Stored data
·····

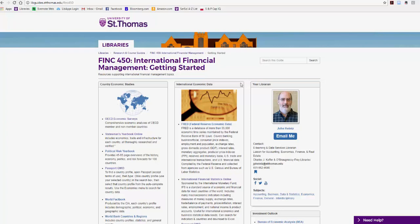Okay, today we're going to talk about how to find balance of payments data for a country using the International Financial Statistics Online database.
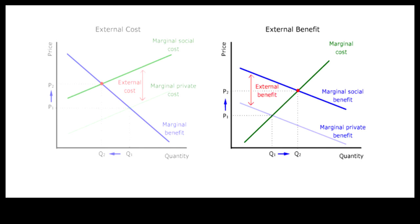In other words, licenses can now equate marginal social benefit with marginal cost.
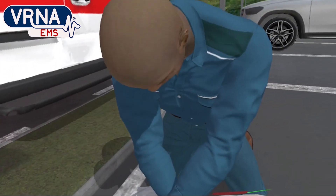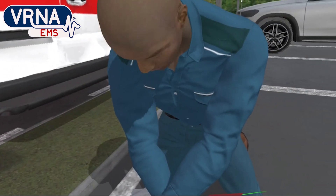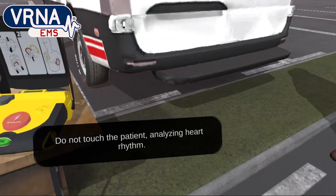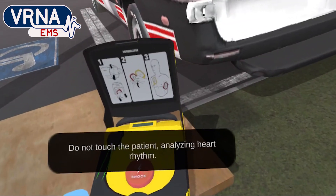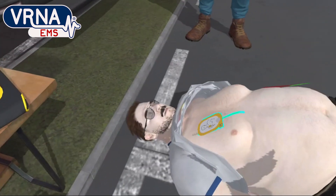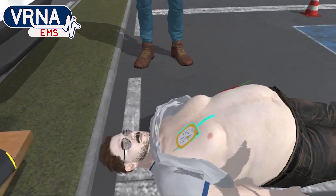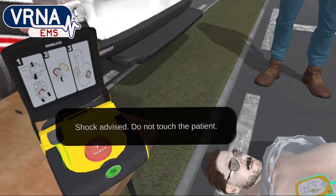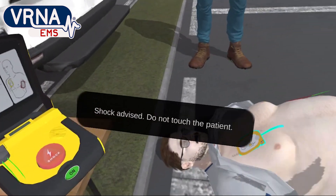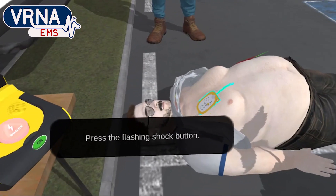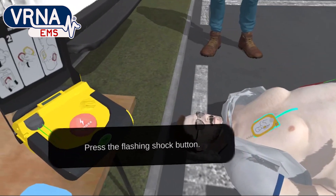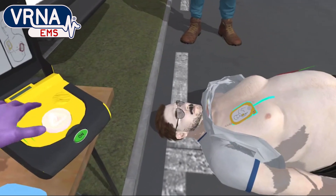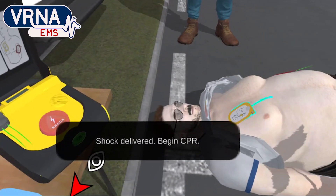Josh, stop doing CPR and don't touch the patient. Analyzing heart rhythm. Shock advised. Do not touch the patient. Press the flashing shock button. Shock delivered.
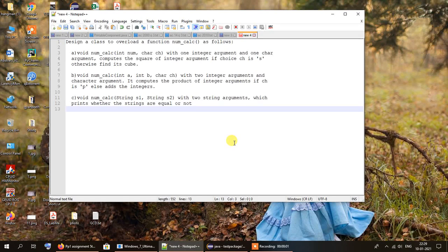Hello everybody and welcome to one more video on overloading. This is going to be our very last video on function overloading for now, and after that we'll be moving on to other newer topics. So let us take a look at the program that we have before us today.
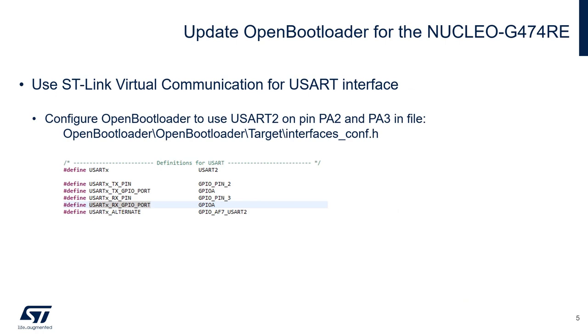If using the Nucleo G474RE, we will need to configure Open Bootloader to use the UART2 interface connected to the on-board STLINK, using pins PA2 for UART2TX and PA3 for UART2RX in the file interfaces_conf.h, located in OpenBootloader, OpenBootloader, Target.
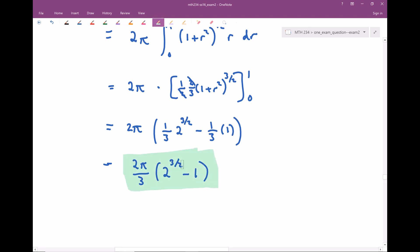And that right there is the final answer — the surface area of the surface over this region. You can check that this is a nice positive number. Two to the three-halves power is √8, which is close to 3, so this is approximately (2π/3)(3 − 1) = 4π/3, a positive number. Surface area should always be positive, so if you get a negative answer, be concerned. This looks reasonable — hope you guys enjoyed, and I'll see you next time.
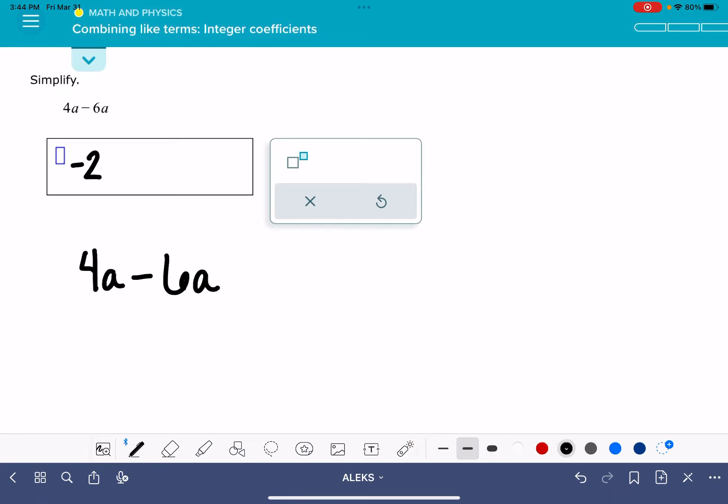And then once we've done the math part, we're just going to bring that variable back. The answer to this, to simplify this, is negative 2a.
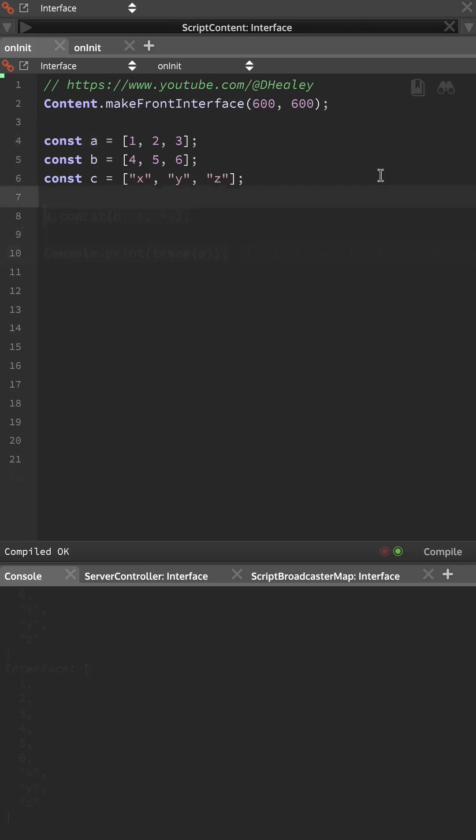So to do this, I'm going to create a new empty array, I'm going to call it combine, and then we're going to call combine.concat, we're going to pass in A, B and C,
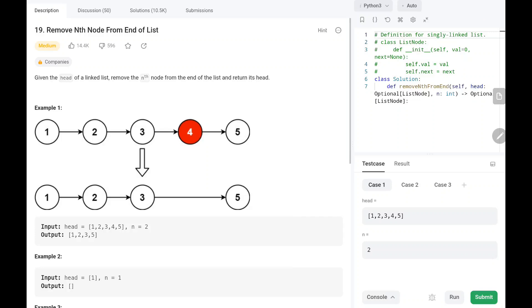Hey everyone, welcome to TechWired. In this LeetCode problem-solving series, today we are going to solve 'Remove Nth Node from End of List.' First I will read out the problem, then I will explain the logic behind it.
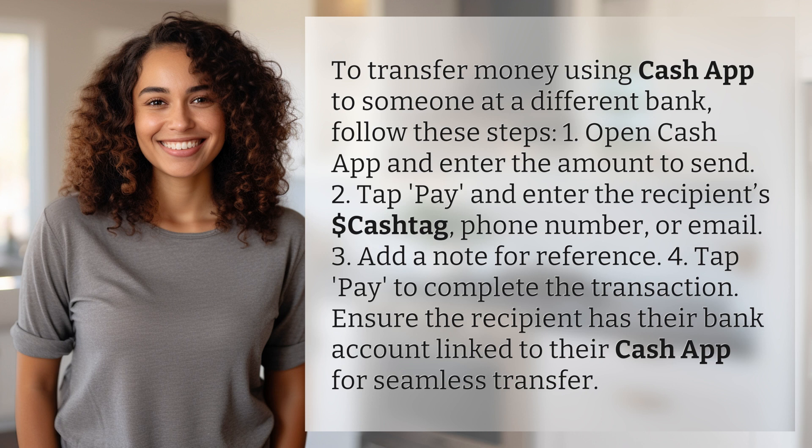3. Add a note for reference. 4. Tap Pay to complete the transaction. Ensure the recipient has their bank account linked to their Cash App for seamless transfer.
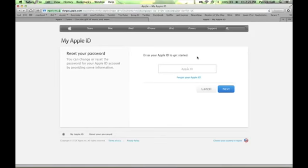If we hit forgot, it's going to take us to iforgot.apple.com. It's going to ask for your Apple ID, which is normally your email address that you use when you're making purchases from the iTunes store when you're buying music or whatever. From here you can follow the steps, answer the security questions, or have a password reset email sent to you and you can reset your password.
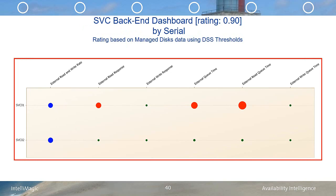The SVC back-end dashboard reveals the health of the SVC back-end storage. Ideally, the external response times should be low and there should be no queuing. Notice that this dashboard is red and shows a red bubble for the external read response time, external queue time, and external read queue time for SVC. On the other hand, SVC 002 is not having any issues. There's definitely a significant amount of read queuing on SVC 01, so let's take a look at the external read queue time in this next chart.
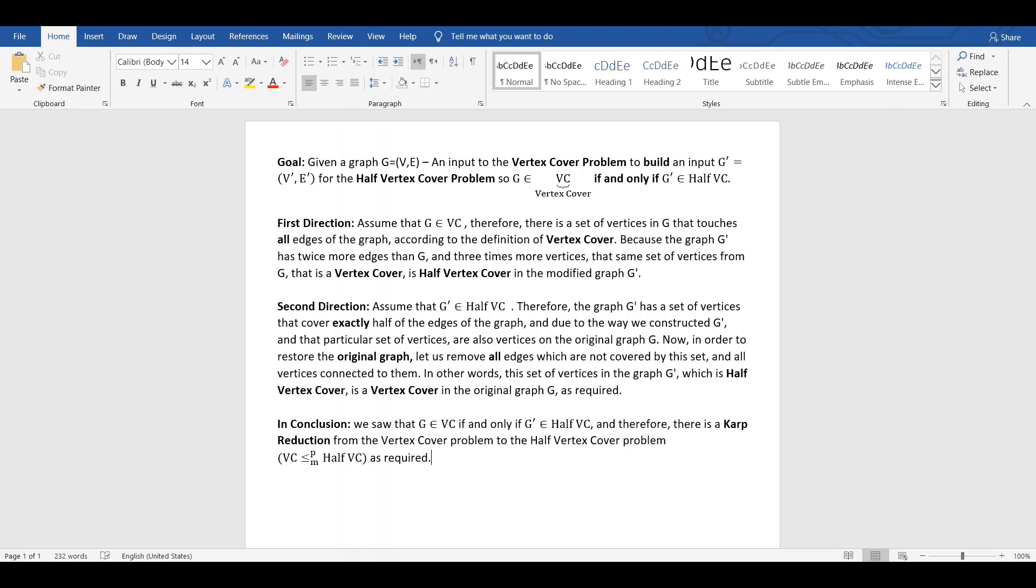In conclusion, we solve G in vertex cover if and only if G' in half-vertex cover. And therefore, there is a Karp reduction from the vertex cover problem to the half-vertex cover problem. And this is how you mark it, as required.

·····

Set down the entries word for word, omitting all pictures.

Okay, today we're going to talk about how to find balance of payments data for a country using the International Financial Statistics Online database.
In other words, licenses can now equate marginal social benefit with marginal cost.
Josh, stop doing CPR and don't touch the patient. Analyzing heart rhythm. Shock advised. Do not touch the patient. Press the flashing shock button. Shock delivered.
Hello everybody and welcome to one more video on overloading. This is going to be our very last video on function overloading for now, and after that we'll be moving on to other newer topics. So let us take a look at the program that we have before us today.
If using the Nucleo G474RE, we will need to configure Open Bootloader to use the UART2 interface connected to the on-board STLINK, using pins PA2 for UART2TX and PA3 for UART2RX in the file interfaces_conf.h, located in OpenBootloader, OpenBootloader, Target.
And that right there is the final answer — the surface area of the surface over this region. You can check that this is a nice positive number. Two to the three-halves power is √8, which is close to 3, so this is approximately (2π/3)(3 − 1) = 4π/3, a positive number. Surface area should always be positive, so if you get a negative answer, be concerned. This looks reasonable — hope you guys enjoyed, and I'll see you next time.
And then once we've done the math part, we're just going to bring that variable back. The answer to this, to simplify this, is negative 2a.
So to do this, I'm going to create a new empty array, I'm going to call it combine, and then we're going to call combine.concat, we're going to pass in A, B and C,
Hey everyone, welcome to TechWired. In this LeetCode problem-solving series, today we are going to solve 'Remove Nth Node from End of List.' First I will read out the problem, then I will explain the logic behind it.
3. Add a note for reference. 4. Tap Pay to complete the transaction. Ensure the recipient has their bank account linked to their Cash App for seamless transfer.
If we hit forgot, it's going to take us to iforgot.apple.com. It's going to ask for your Apple ID, which is normally your email address that you use when you're making purchases from the iTunes store when you're buying music or whatever. From here you can follow the steps, answer the security questions, or have a password reset email sent to you and you can reset your password.
The SVC back-end dashboard reveals the health of the SVC back-end storage. Ideally, the external response times should be low and there should be no queuing. Notice that this dashboard is red and shows a red bubble for the external read response time, external queue time, and external read queue time for SVC. On the other hand, SVC 002 is not having any issues. There's definitely a significant amount of read queuing on SVC 01, so let's take a look at the external read queue time in this next chart.
In conclusion, we solve G in vertex cover if and only if G' in half-vertex cover. And therefore, there is a Karp reduction from the vertex cover problem to the half-vertex cover problem. And this is how you mark it, as required.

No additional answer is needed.